* _EXERCISE OBJECTIVE_
Omitting the pictures, print every line below exactly as it stands.

-- RAW DATA follows --

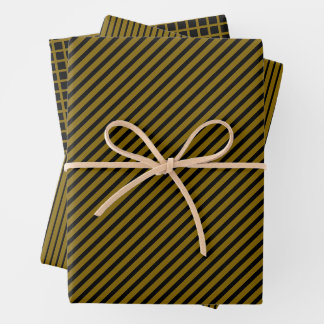 Elegant Gold Black Stripes Check Pattern Wrapping Paper Sheets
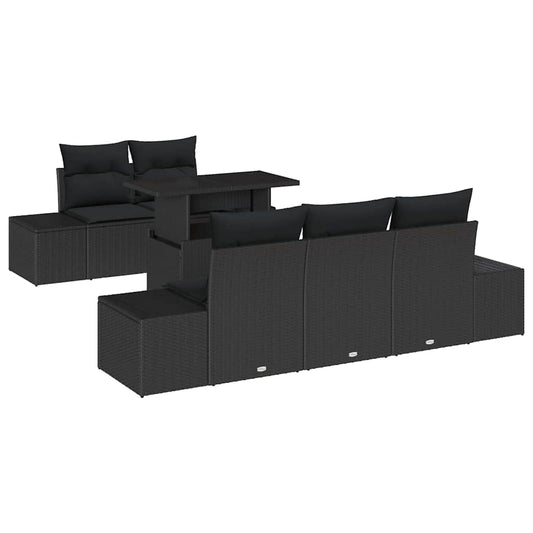 Garten-Sofa-Set mit Kissen 6 pcs Schwarz 100 x 55 x 73 cm
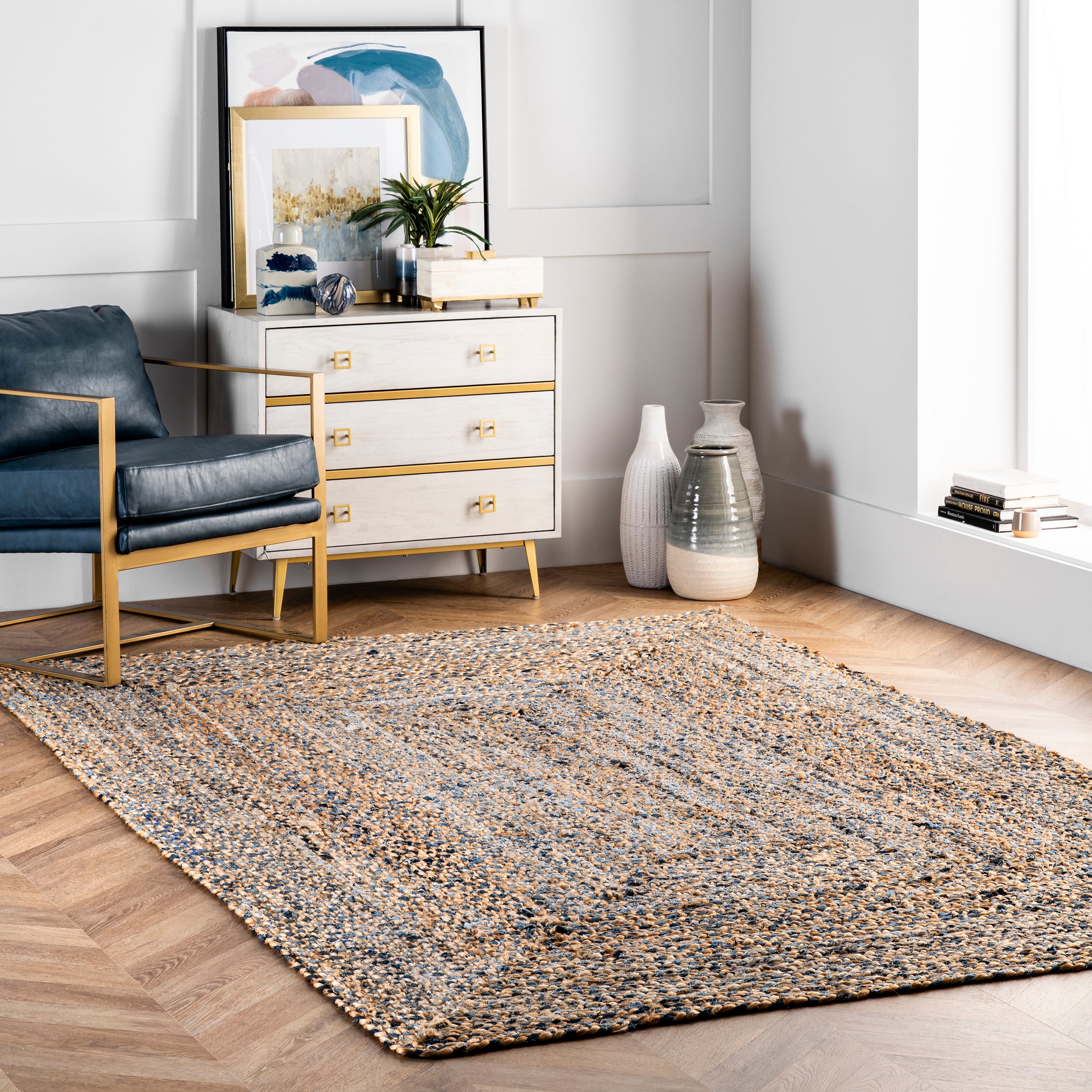 Eliz Braided Denim and Jute Area Rug - Image 2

-- RAW DATA concluded --

* _YOUR RESPONSE_
 Elegant Gold Black Stripes Check Pattern Wrapping Paper Sheets
 Garten-Sofa-Set mit Kissen 6 pcs Schwarz 100 x 55 x 73 cm
 Eliz Braided Denim and Jute Area Rug - Image 2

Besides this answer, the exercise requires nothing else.